Day 29 of this whole 31 Days of Horror nonsense and I'm a bit busy today preparing for the twin engines of destruction's Halloween party so back to Cassidy's boxset for today's movie....
Excuse the shortness of the review as I've got gingerbread zombies to bake....
Mask Maker (AKA Masakerade, 2010).
Dir: Griff Furst.
Cast: Nikki Deloach, Stephen Colletti, Terry Kiser, Anabella Casanova, Michael Berryman, Treat Williams and Ross Britz.
The sickeningly loved up Jennifer (Days of Our Lives toothsome Deloach) and Evan (One Tree Hill's Colletti) have recently become the proud owners of a massive farmhouse somewhere in the sunny south.

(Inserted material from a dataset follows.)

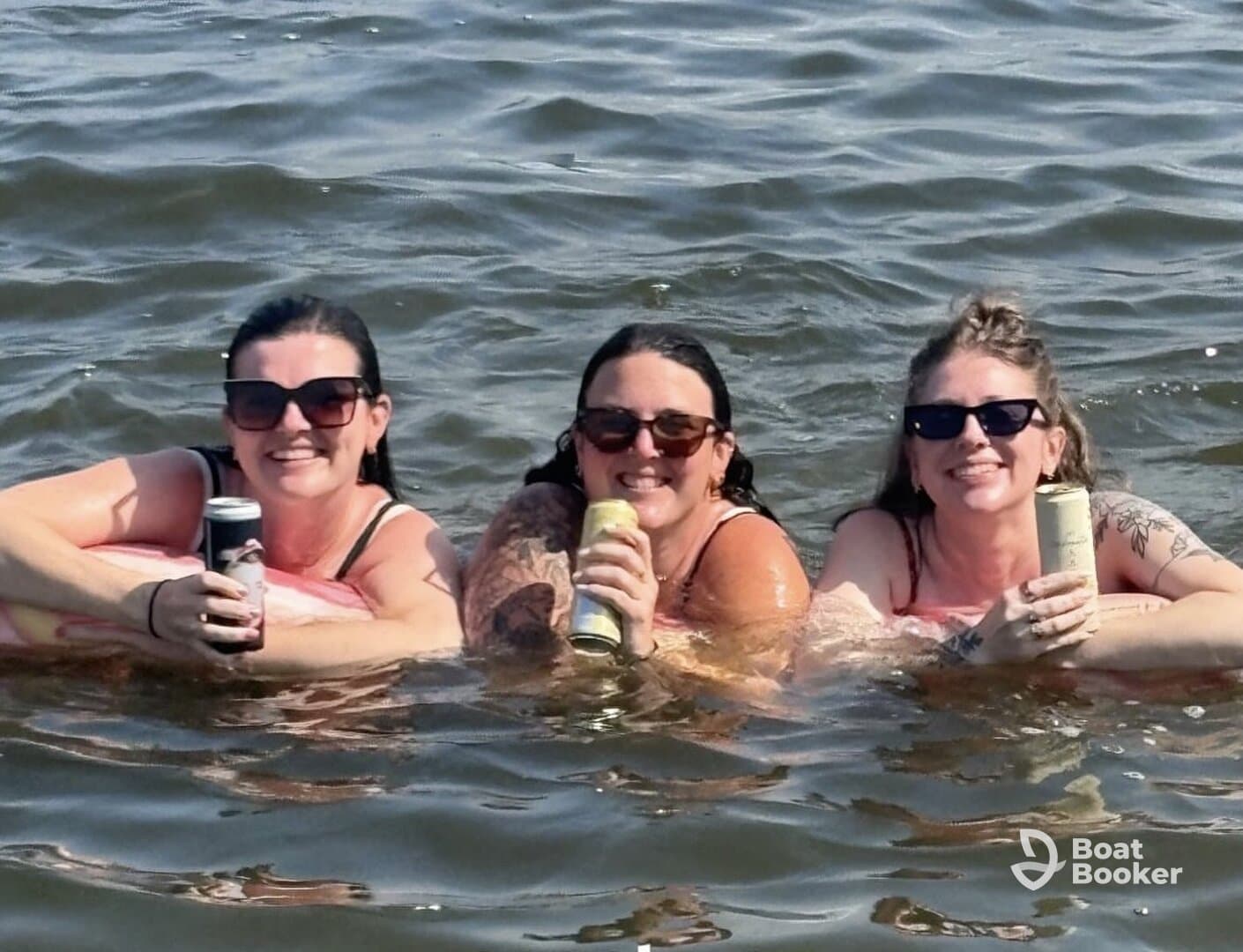 Three friends enjoy a fun day in the water, relaxing with drinks and floating on inflatable rings — perfect for summer parties and memorable outings.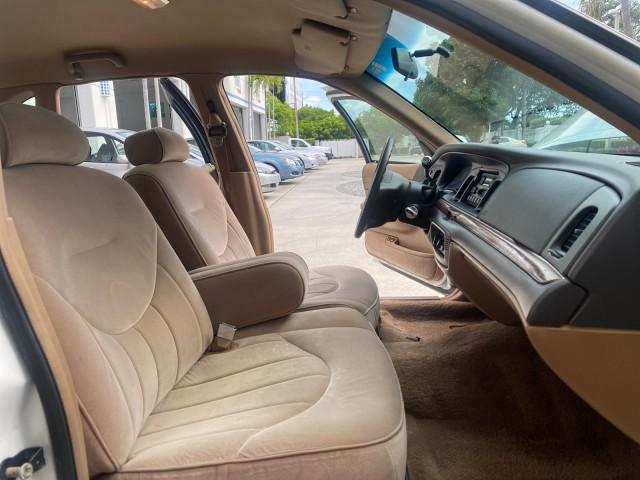 1995 White /Tan Ford Crown Victoria LOW MILES 43,331 (2FALP73W4SX) with an 4.6L 8-Cyl Engine engine, Automatic transmission, located at 4701 North Dixie Hwy, Pompano Beach, FL, 33064, (954) 422-2889, 26.240938, -80.123474 - OUR WEBPAGE FLORIDACARS1.COM HAS OVER 100 PHOTOS AND FREE CARFAX LINK 1995 Ford Crown Victoria Sedan 4 DR 4.6L V8 F SOHC 16V Gasoline Rear Wheel Drive Features Air Conditioning AM/FM Stereo Automatic Transmission Cassette Player Cloth Seats Cruise Control Power Locks Power Seat(s) Power Windows Rear- Photo#12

And by that I mean Texas way not Dumfries & Galloway.
And even better (if anything can be even better than not living anywhere near
the St Medan Golf Club Monreith with it's comedy clown trousered old men fumbling with their balls in bushes) is the fact that it only cost them 68 quid.
This is probably due to the fact that the last owner was an evil witch with a predilection for murdering newborns and her ball headed son.
Could have been worse I suppose, it could've belonged to Jimmy Savile*.
Anyway, with Jennifer's birthday fast approaching Evan decides to plan a weekend of partying and decorating, inviting their four best buddies along to help.
Just get Fred West in to tidy the place up and it'll be good as new. |
Being the conscientious type who reads the script before shooting, Jennifer is intrigued by the amount of shite left by around the house by the previous owners - you know the type of stuff, crying boy pictures, ceramic rabbits and Charles and Diana plates - becoming more and more curious about their lives.
Nosy cow.
"Well who's for a wee shite cap?" |
Luckily the local shop keeper's pal was featured in the creepy pre-credits sequence which means that he can happily fill Jennifer in (phnarr) on the pesky back story.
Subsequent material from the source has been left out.